The P.C. board is also pre-programmed to rotate the shaft
independently of the trap door. In normal operation, ice is not
continuously dispensed over time and the apparatus can remain idle
for extended periods. A common problem which occurs with stored ice
left unagitated over an extended duration is the formation of
fusion bridges between adjacent pieces of ice caused by minute
melting of the surface areas of the ice. To prevent this formation
of clumped ice, the P.C. board is pre-programmed to turn the shaft,
through activation of the electric motor, for one revolution every
set time period when the machine remains idle. This breaks up any
bridging in the stored ice without releasing the trap door and
facilitates ice discharge when needed.
As mentioned earlier, the rotation of the shaft rotates the
plurality of agitators which breaks up the stored ice in the bin. A
problem currently encountered with similar agitators on the market
is the fusion of ice to the surface of the stainless steel
agitators caused by minute melting on the surface of the stored ice
pieces, very similar to the bridging mentioned above. This freezing
of clumped ice onto agitators creates a tremendous drag on the
motor attempting to turn the ice laden agitators on the internal
shaft. The present invention overcomes this problem by coating the
shaft and agitators with a poor thermal conducting material which
acts to prevent the freezing of ice onto these components.

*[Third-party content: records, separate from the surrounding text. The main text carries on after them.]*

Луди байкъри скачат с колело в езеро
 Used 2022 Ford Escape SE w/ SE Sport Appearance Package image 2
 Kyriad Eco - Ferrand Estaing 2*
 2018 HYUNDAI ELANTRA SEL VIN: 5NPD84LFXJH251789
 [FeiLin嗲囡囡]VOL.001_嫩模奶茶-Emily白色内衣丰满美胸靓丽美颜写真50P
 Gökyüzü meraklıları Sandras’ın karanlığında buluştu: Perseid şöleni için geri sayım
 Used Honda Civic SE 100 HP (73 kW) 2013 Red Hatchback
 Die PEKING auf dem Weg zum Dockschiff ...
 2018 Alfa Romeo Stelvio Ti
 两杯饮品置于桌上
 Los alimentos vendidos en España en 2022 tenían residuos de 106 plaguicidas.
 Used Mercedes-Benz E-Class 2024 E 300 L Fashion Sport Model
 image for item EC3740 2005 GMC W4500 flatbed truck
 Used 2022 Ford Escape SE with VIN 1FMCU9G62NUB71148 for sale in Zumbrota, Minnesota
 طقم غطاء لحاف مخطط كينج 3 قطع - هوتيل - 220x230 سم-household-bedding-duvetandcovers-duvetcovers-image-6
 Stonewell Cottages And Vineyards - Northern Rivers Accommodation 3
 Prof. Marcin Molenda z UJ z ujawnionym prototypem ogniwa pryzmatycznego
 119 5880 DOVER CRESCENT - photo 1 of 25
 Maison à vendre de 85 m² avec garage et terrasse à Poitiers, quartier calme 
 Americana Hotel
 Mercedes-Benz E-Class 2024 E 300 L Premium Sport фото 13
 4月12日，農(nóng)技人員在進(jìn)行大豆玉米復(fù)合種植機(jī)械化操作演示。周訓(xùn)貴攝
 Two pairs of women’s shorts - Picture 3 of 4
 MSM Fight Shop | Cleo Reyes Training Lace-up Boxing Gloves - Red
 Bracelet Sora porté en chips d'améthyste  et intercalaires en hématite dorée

In addition to poor thermal conduction, the coating material should
also be resistant to drag by the ice so that after coating with the
material, the surface of the shaft and agitators are "slick" and
allows them to slice through the stored ice with reduced
resistance. TEFLON is an example of such coating material with
these desired properties. Epoxy coating is another example and is
more economical in application. These examples are not given by way
of limitation, and any material which can be applied as coating
with similar properties is encompassed within the spirit of this
disclosure.
The circular rotating tray of the preferred embodiment is of a
single-piece molded construction which makes its manufacture simple
and economical since assembly of separate component parts is not
required. The tray has a plurality of wedge-shaped pocket
compartments which are individually separated by vanes that rise
perpendicularly from a circular base. The cone chute is designed to
fit into the centermost portion of the circular base such that the
vanes form vertical walls on the rotating tray, the circular base
forms the floor for the pockets, and the rim of the cone chute
completes a plurality of enclosures in the form of the wedge-shaped
pockets. The diameter of the tray is of sufficient length such that
the full height of the ice bin can be reached for ice retrieval,
including the lowermost regions of the bin. Furthermore, the tray
is at a 90-degree angle in relation to the floor of the ice bin and
avoids a slanted design of the interior of the bin, utilizing all
available space within the bin.
The circular base of the rotating tray has a plurality of
punched-out edges which form openings. An opening is created for
each wedge-shaped pocket compartment which allows for communication
between the storage bin and the interior of the pocket
compartments. The agitators are designed to push ice forward into
these openings at a horizontal angle, which avoids the need for a
slanted tilt of the interior storage space and the associated dead
spaces that would be created by the inclination.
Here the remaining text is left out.